-- ENTRIES SHOWN follows --

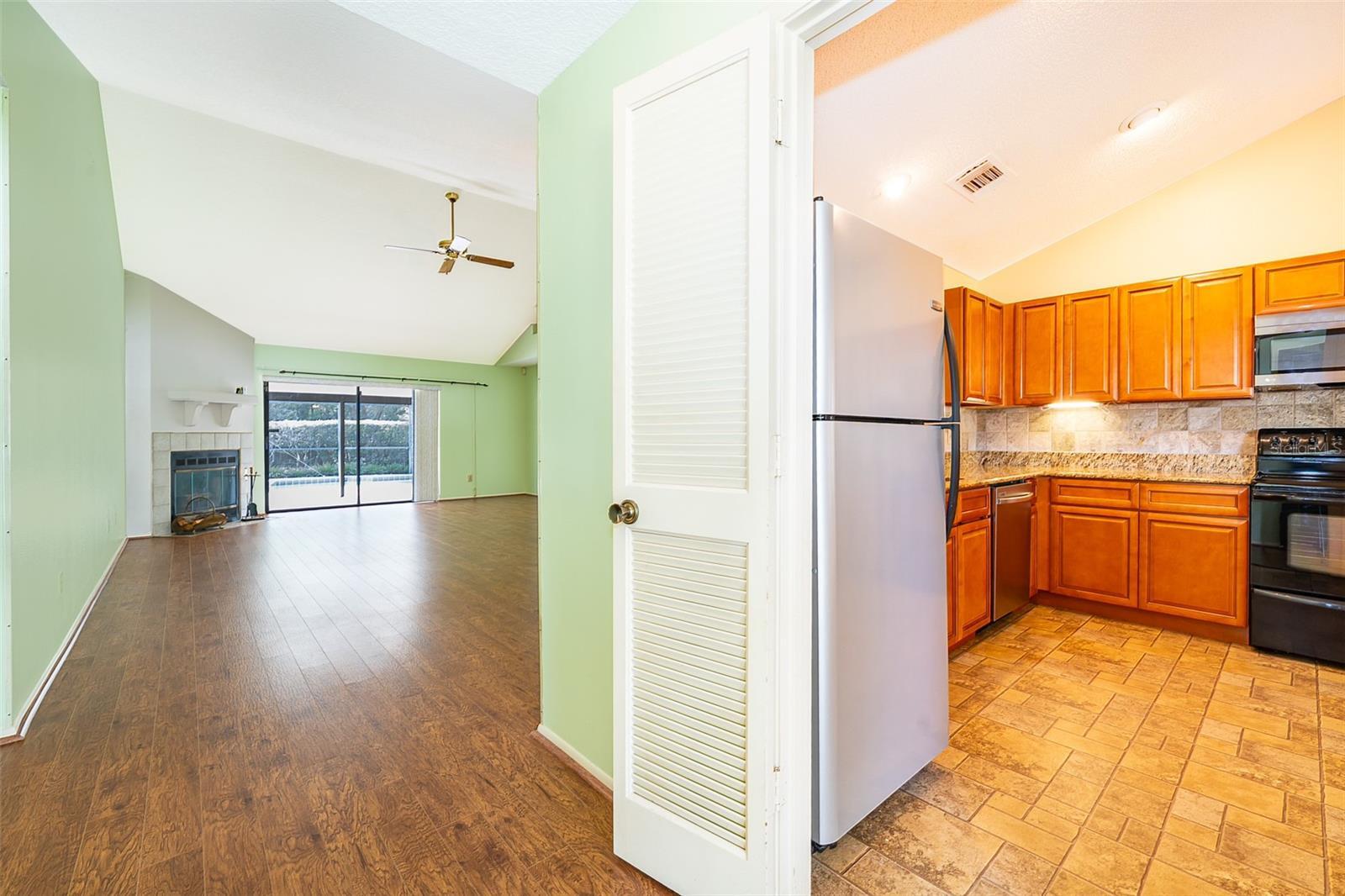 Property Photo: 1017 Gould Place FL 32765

-- ENTRIES SHOWN concluded --
-- ENTRIES SHOWN follows --

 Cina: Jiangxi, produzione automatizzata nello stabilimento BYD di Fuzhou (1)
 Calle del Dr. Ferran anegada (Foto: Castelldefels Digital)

-- ENTRIES SHOWN concluded --

Copy out, word for word, the part of the entries above that begins at the line with "Cina: Jiangxi, produzione" and ends at the line with "Calle del Dr.", including both.

§ TASK OUTPUT
 Cina: Jiangxi, produzione automatizzata nello stabilimento BYD di Fuzhou (1)
 Calle del Dr. Ferran anegada (Foto: Castelldefels Digital)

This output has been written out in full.